Captioned web image data:
====

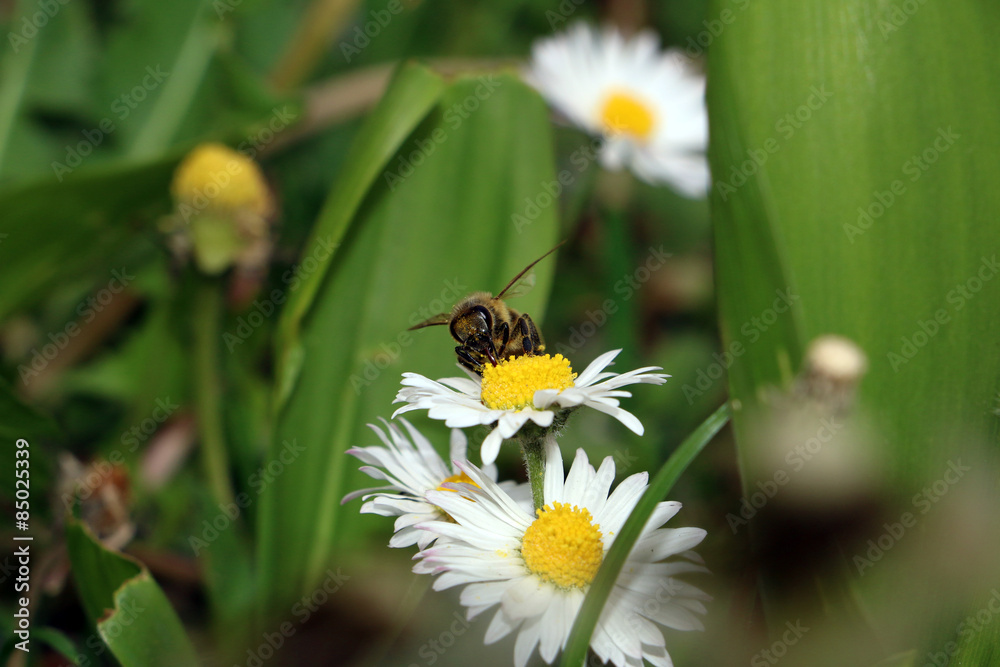 Bee is taking pollen from flower Bellis perenis Bee is taking pollen from flower Bellis perenis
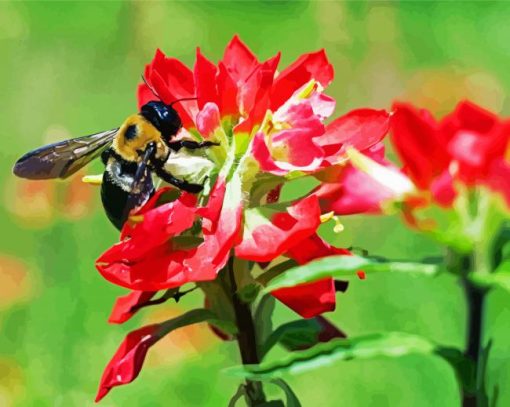 Bumblebee On Indian Paintbrush Diamond Paintings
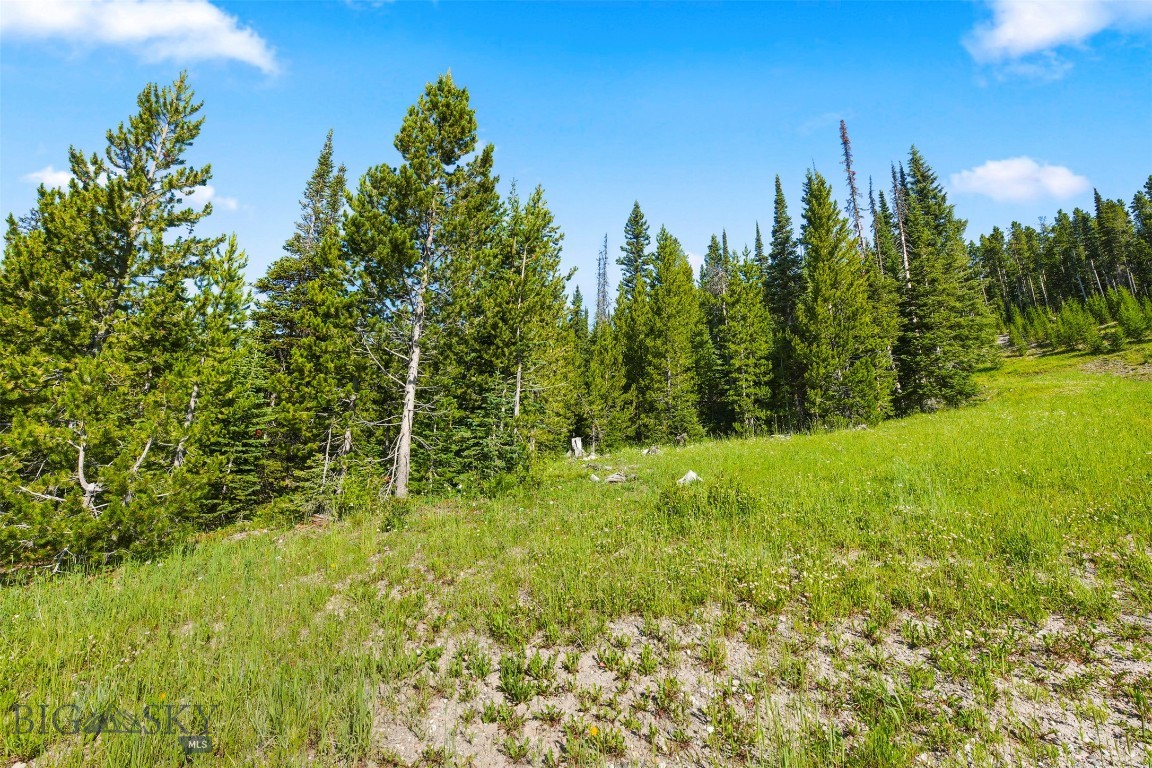109a Beehive Basin Road Property Photo 19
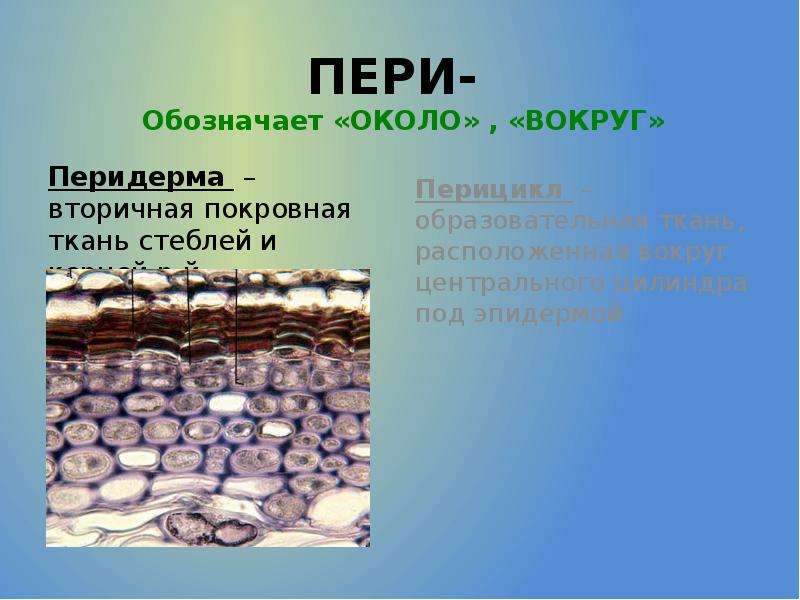 Какая ткань обозначена на рисунке. Вторичная покровная ткань перидерма. Покровная ткань стебля. Вторичная покровная ткань корня. Покровные ткани корней.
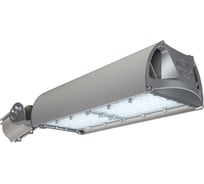 Светодиодный светильник Технологии света TL-STREET RUS 80 740 D УТ000013675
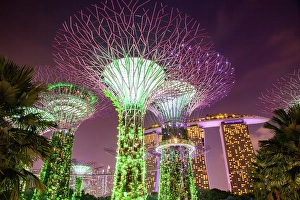 Show Prints: Supertrees illuminated for light show in Gardens by the Bay, Singapore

====

§ WORK TASK
Only the lines from the one containing "Светодиодный светильник Технологии" through the end of the records should be copied, exactly and with both ends included; the pictures should not.

§ TASK OUTPUT
 Светодиодный светильник Технологии света TL-STREET RUS 80 740 D УТ000013675
 Show Prints: Supertrees illuminated for light show in Gardens by the Bay, Singapore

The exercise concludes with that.